On 07/02/2018 07:38 PM, Paul Eggert wrote:
Florian Weimer wrote:
Without kernel support, a non-zero argument returns EINVAL, not ENOSYS.
This mirrors what the kernel does for invalid renameat2 flags.
The Gnulib renameat2 function
<https://www.gnu.org/software/gnulib/MODULES.html#module=renameat2> has
different semantics with non-zero flags. On GNU/Linux if
flags==RENAME_NOREPLACE and the Linux syscall fails due to
EINVAL/ENOSYS/ENOTSUP, Gnulib renameat2 falls back on fstatatting the
destination, failing if fstatat succeeds, and using ordinary renameat
otherwise.

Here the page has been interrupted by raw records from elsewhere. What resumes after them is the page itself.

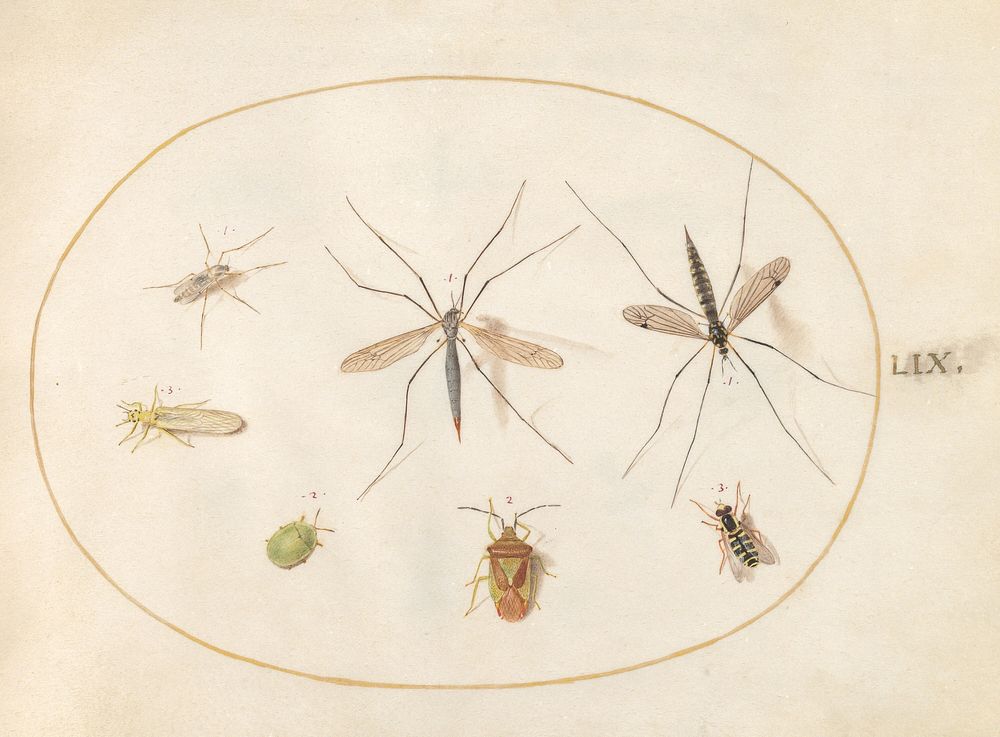 Plate 59: Seven Assorted Insects (c. 1575-1580) painting in high resolution by Joris Hoefnagel.  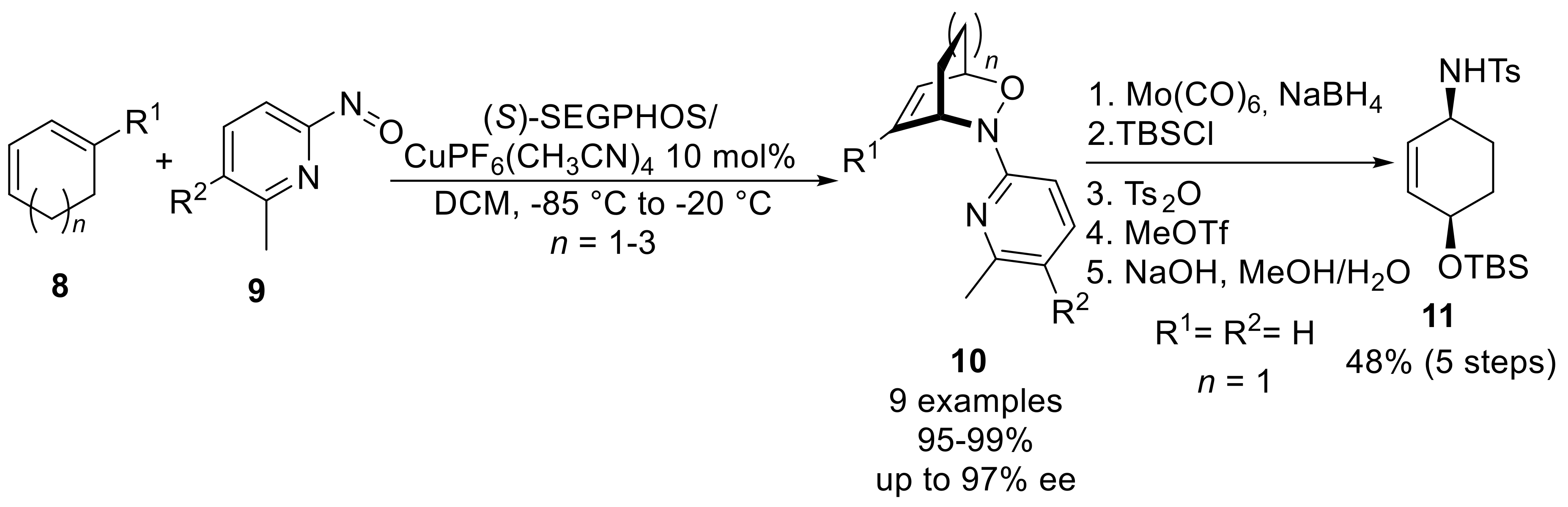 Molecules 25 00563 sch005 Molecules 25 00563 sch005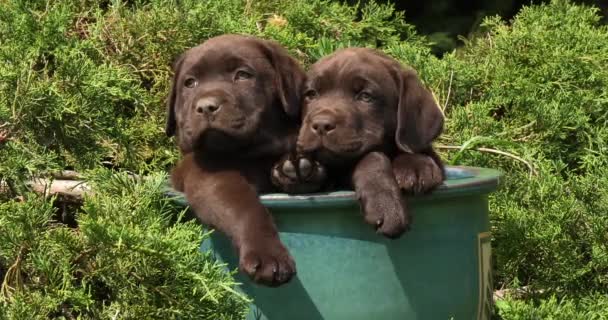 Brown Labrador Retriever Cachorros Jugando Maceta Bostezar Normandía Cámara Lenta — Vídeo de stock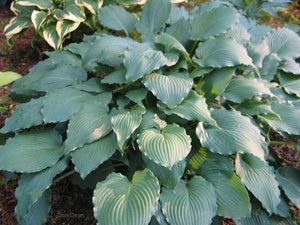Hosta 'Country Rippled Relic'
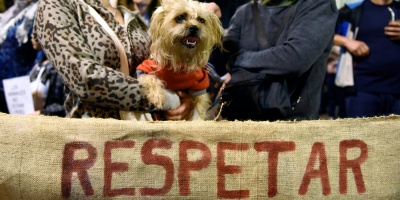 Plataforma Animalista pidi� la renuncia de las autoridades de INBA por �no ver avances en la protecci�n animal�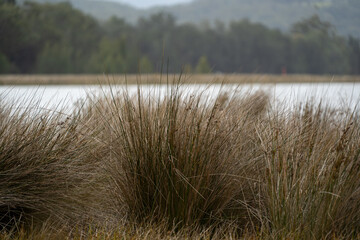 reeds on lake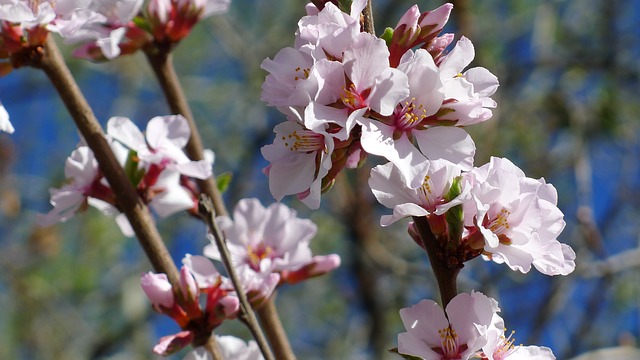 Nanking Cherry Blossoms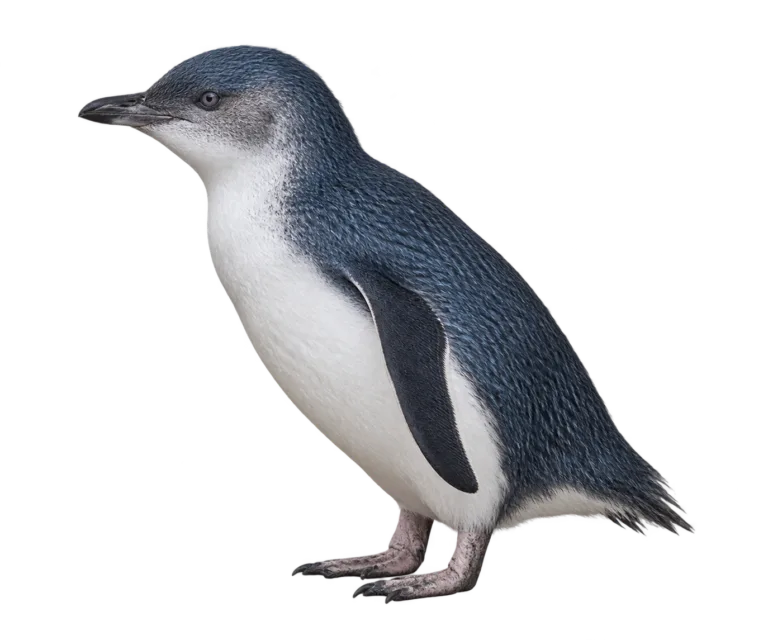 Little Penguin
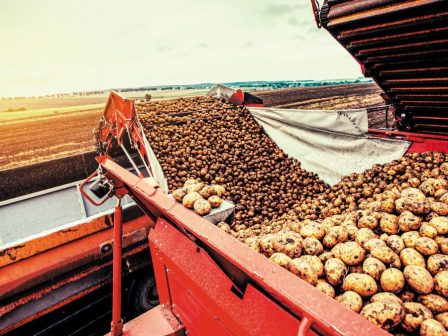 anekampse-i-paragogi-patatas-stin-ee-348882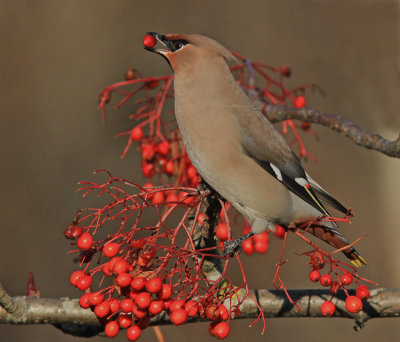 Bohemian_Waxwing 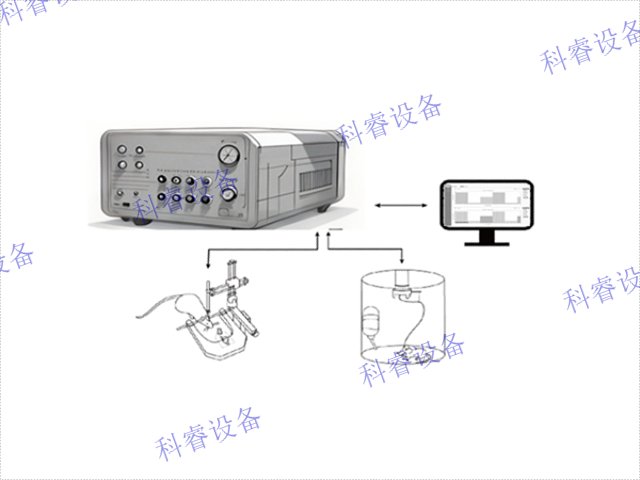 神经元钙离子动态观测系统服务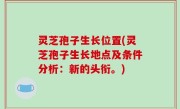 灵芝孢子生长位置(灵芝孢子生长地点及条件分析：新的头衔。)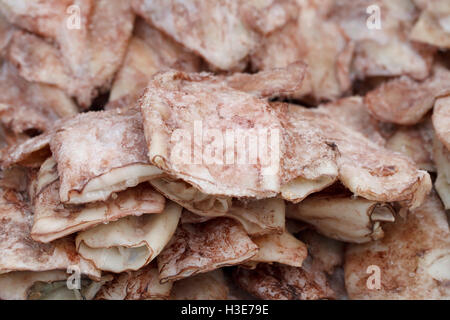 Fresh squid in tubes closeup background food seafood Stock Photo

Of course this implementation has a race condition, but
Gnulib-using applications like GNU 'mv' prefer this implementation since
if the kernel doesn't support RENAME_NOREPLACE they'd just fall back on
fstatat themselves anyway, if renameat2 didn't do that for them.
Surely that's a gnulib bug because the main reason for the
RENAME_NOREPLACE variant renameat2 was to avoid exactly that race (or
the other race where the file exists under both the old and new path).
The gnulib function should simply be called something else, not
renameat2. The present situation is unfortunate, but I don't think it
would be an improvement if glibc copies the buggy gnulib behavior.